Governor of Valencia
- In office 1133–1145
- Monarchs: Ali ibn Yusuf Tashfin ibn Ali

Governor of Murcia
- In office 1133–1145
- Monarchs: Ali ibn Yusuf Tashfin ibn Ali

Governor of al-Andalus
- In office 1146–1148
- Monarchs: Ibrahim ibn Tashfin Ishaq ibn Ali

Personal details
- Died: 1148 Granada
- Parent: Ali ibn Yusuf

Military service
- Allegiance: Almoravid Empire
- Rank: Military commander

= Yahya ibn Ghaniya =

Almoravid military commander

Yahya ibn Ali ibn Ghaniya (يحيى بن علي بن غانية), more commonly known as Ibn Ghaniya, was governor of Valencia and Murcia (1133–1145) and of al-Andalus (1146–1148). He was the son of Ali ibn Yusuf, the head of a family allied with the Almoravid dynasty, and of an Almoravid princess named Ghaniya. His brother was Muhammad ibn Ali ibn Ganiya, the Almoravid wali (governor) of Mallorca.
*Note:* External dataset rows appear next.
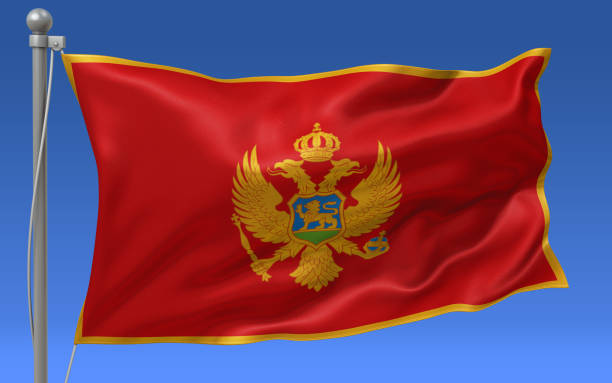 Montenegro flag waving on the flagpole on a sky background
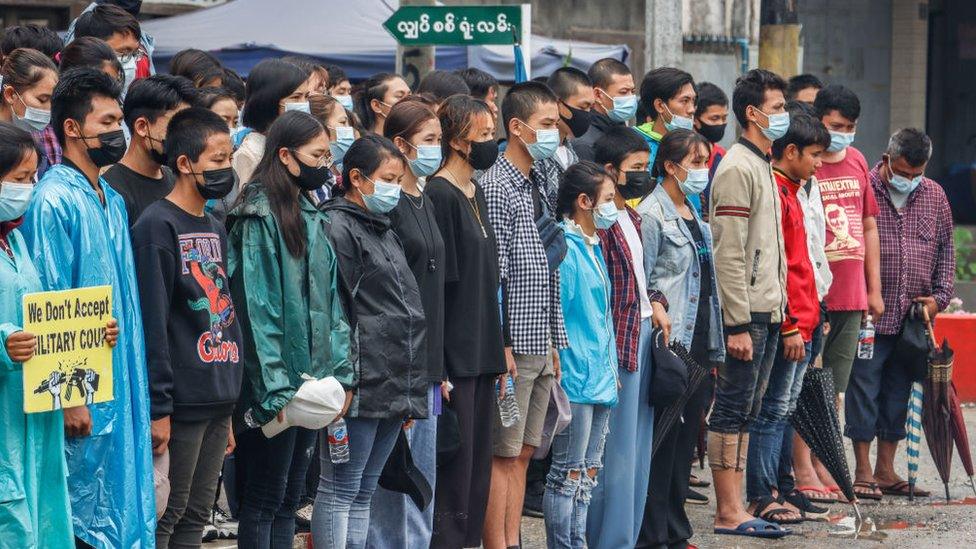 Anti-military coup protesters take a moment of silence to show the respect to the people who died during the summer revolution. A massive crowd took to the streets of Nankham to protest against the military coup and demanded the release of Aung San Suu Kyi. More than 769 people died since the military coup in February 1.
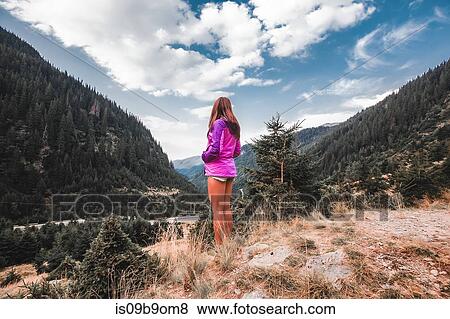 Young woman looking out over valley forest landscape, Draja, Vaslui, Romania View Large Photo Image Stock Photo - Young woman looking out over valley forest landscape, Draja, Vaslui, Romania. Fotosearch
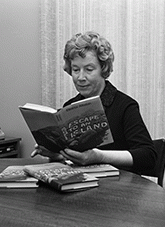 There at Three Humock Island on the 40th parallel, they became a modern day Swiss Family Robinson. Recently Mrs Alliston had a book published on the family's adventures on their island. Authoress, Mrs Eleanor Alliston, reading her first book, "Escape to an Island", which tells of her family's life on Three Humock Island.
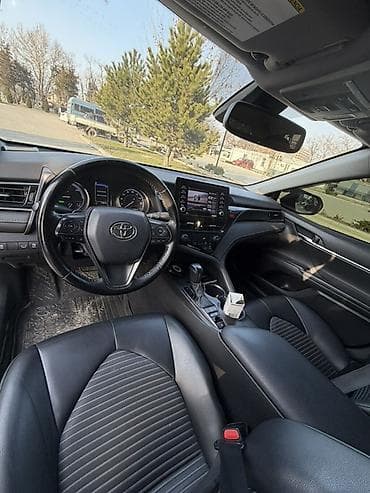 tayota progres: Toyota Camry: 2021 г., 2.5 л, Автомат, Гибрид, Седан — 10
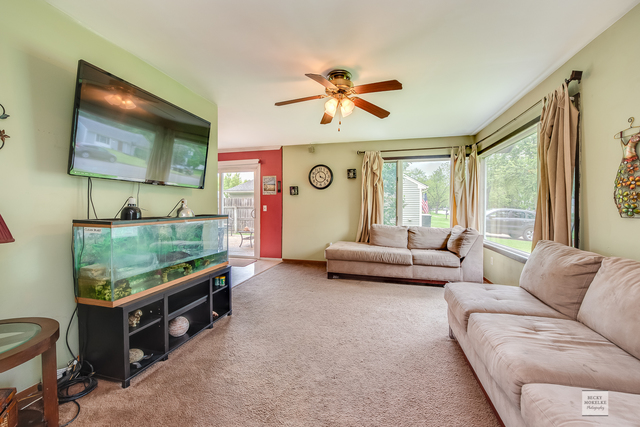 76 Fernwood Road Montgomery, IL 60538 - Photo 2 of 13 a living room with furniture and a flat screen tv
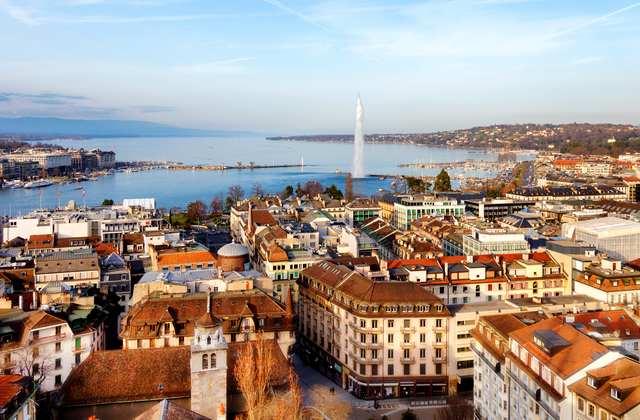 Aerial view of Geneva with the Jet d'Eau fountain, Lake Geneva, and surrounding buildings under a clear blue sky.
He is the first known person of the Banu Ghaniya.

==Biography==
In 1133 he participated in the siege of Fraga, bringing troops from Valencia and breaking the siege. It seems that he had a single combat with the Aragonese king Alfonso the Battler, whom he mortally wounded. When the Taifa revolts against the Almoravids broke out, Yahya ibn Ali ibn Ghaniya commanded the Almoravid troops and faced the revolt but ended up fleeing to Almería. In 1146 he unsuccessfully defended Córdoba against Alfonso VII of León and Castile, of whom he eventually declared himself a vassal. After the Almohad landing on Cádiz in 1146, he was one of the last defenders of the Almoravids and he died in Granada in 1148.